But for track-and-trace systems to work, the whole supply chain has to adopt the same pedigree technology and method of serialization.
"There is a huge need for collaboration across the supply chain for this to be effective," says Peggy Staver, Pfizer's director
of trade product integrity. "Technology alone won't solve this issue. The solution requires legislation, better business practices,
and enforcement to help make sure that our supply chain is as secure as possible."
The High Cost of RFID
The ability to track a drug across a supply chain is appealing, but is RFID really catching on? According to some industry
experts, the technology is being piloted by only a handful of companies, for less than a dozen drugs.
And although RFID chips have dropped in price (the average tag costs 25 cents), the technology is still much more expensive
than basic, linear bar codes or their 2D counterparts.
Besides the actual chips, every link in the supply chain must be outfitted with RFID scanners, a software infrastructure,
and data storage units. This upgrade is a costly proposition for warehouses that are using decades-old legacy systems.
Glossary of terms
"More of our customers have been leaning toward 2D bar codes because of the concern about whether it will be possible to get
RFID to work in terms of scanning a pallet and being able to read everything that is on it," says Edge Dynamics President
and CEO Henry Olson. "They are more comfortable with 2D bar codes, and the cost factor is appealing as well."

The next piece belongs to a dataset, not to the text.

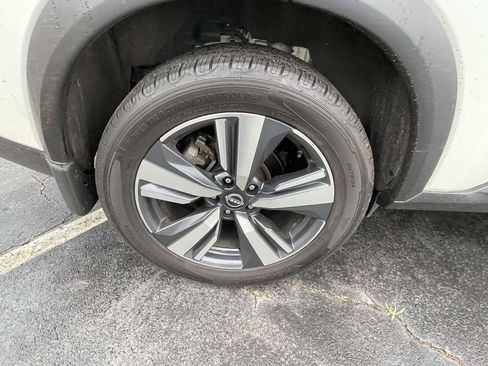 Used 2023 Nissan Rogue SL FWD image 29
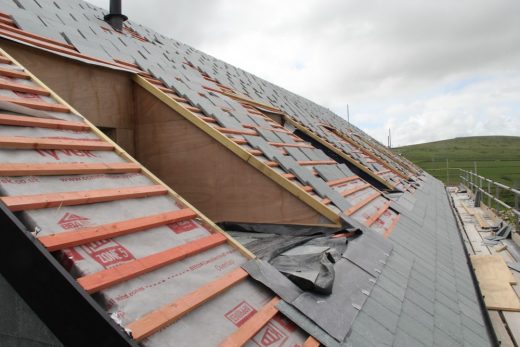 Jamaica Inn on Bodmin Moor in Cornwall Tyvek roof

Some distributors also noted that their biotech customers are concerned about RFID and whether the radio frequency waves affect
the stability of the product. FDA and manufacturers can't answer that question yet, but to be on the safe side, most manufacturers
are tagging biotech products with 2D bar codes. "We have systems set up so that we can tell if there is any difference if
RFID tags are mixed with products that have foil packaging or liquid content," Reid says. "A lot of the RFID tag manufacturers
will tell you that their tags have less effect with liquid or foils, but we have yet to collect enough data to determine that."
There is also debate on whether ultrahigh frequency (UHF) or high frequency (HF) RFID chips offer better read rates. Most
companies said that they are agnostic between the two at the item level, but are requiring UHF at the case level.
According to some experts, it is difficult to read standard UHF chips when they are near liquid or certain metals. An alternative
is the 13.56-MHz HF tags, which have a higher read rate and more features and functionality but don't have an EPC standard.